Texas Deputy Securities Commissioner Orders Refund and Sanctions Firm and its Agents for Sales of GWG L Bonds

Apr 7
2026

AUSTIN, Texas — Earlier today,  Deputy Securities Commissioner for the state of Texas, Cristi R. Ochoa, issued three orders against Landolt Securities, Inc., Ting Chen, and Wang Chang Tsai (“Respondents”) for failures in supervising the sale of GWG Holdings Inc. (“GWG”) L Bonds to Texas investors. These orders reprimand Respondents, order Respondents to provide refunds to certain clients, and assess administrative fines against Respondents.

The action follows a staff investigation triggered by a customer complaint disclosure in January 2025 concerning L Bond sales. GWG L Bonds were high yield, unrated corporate bonds originally used to finance life insurance policies and later invested in loans backed by illiquid alternative assets. The bonds paid interest rates between 5.50% and 8.50%, depending on maturity.

Investing in L Bonds carried significant risk, including the potential loss of the entire investment. The bonds were speculative and suitable only for investors with substantial financial resources and no need for liquidity. L Bond holders’ claims to the underlying life insurance assets were subordinate to the creditors of GWG subsidiaries, increasing the risk of loss. GWG Holdings Inc. filed for Chapter 11 bankruptcy in April 2022.

The investigation found that the firm and agents approved L Bond sales that violated its internal suitability guidelines. Some investors allocated between 24% and 29% of their net worth to L Bonds, exceeding the 15% limit.

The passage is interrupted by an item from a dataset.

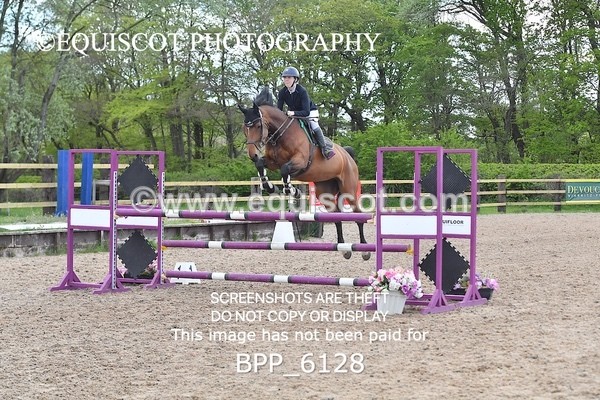 BPP_6128 - CLASS 29 SUN Senior Newcomers/ 1.10m Open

Others were over the firm’s age threshold of 70. Client account forms were incomplete or inconsistent, failing to properly document whether the investments exceeded the thresholds or the rationale for approval. Despite these deficiencies, the transactions were authorized.

The Texas Securities Act and the Board’s Rules require broker dealers to maintain supervisory systems reasonably designed to achieve compliance with applicable securities laws. The Deputy Commissioner concluded that the firm’s failure to enforce its guidelines and verify client information is a violation of §115.10 of the Board Rules, and the agents’ failure to ensure that clients’ concentration in L Bonds did not exceed 15% of their net worth, and that clients over the age of 70 did not purchase L Bonds, constituted inequitable practices in the sale of securities.

“The monitoring systems this firm had in place were insufficient to detect unsuitable sales of high-risk investments,” said Deputy Commissioner Ochoa. “As such, certain sales were approved that frankly, should not have been. We appreciate the firm’s cooperation throughout the process and appreciate the agents agreeing to refund certain clients. Any day we can get money back into the hands of aggrieved investors is a good day. Protecting Texas investors is, after all, our pivotal mission.” 

Nadda Rungruangphol, an attorney in the Legal and Investigations Division, led the agency’s good work in the matter.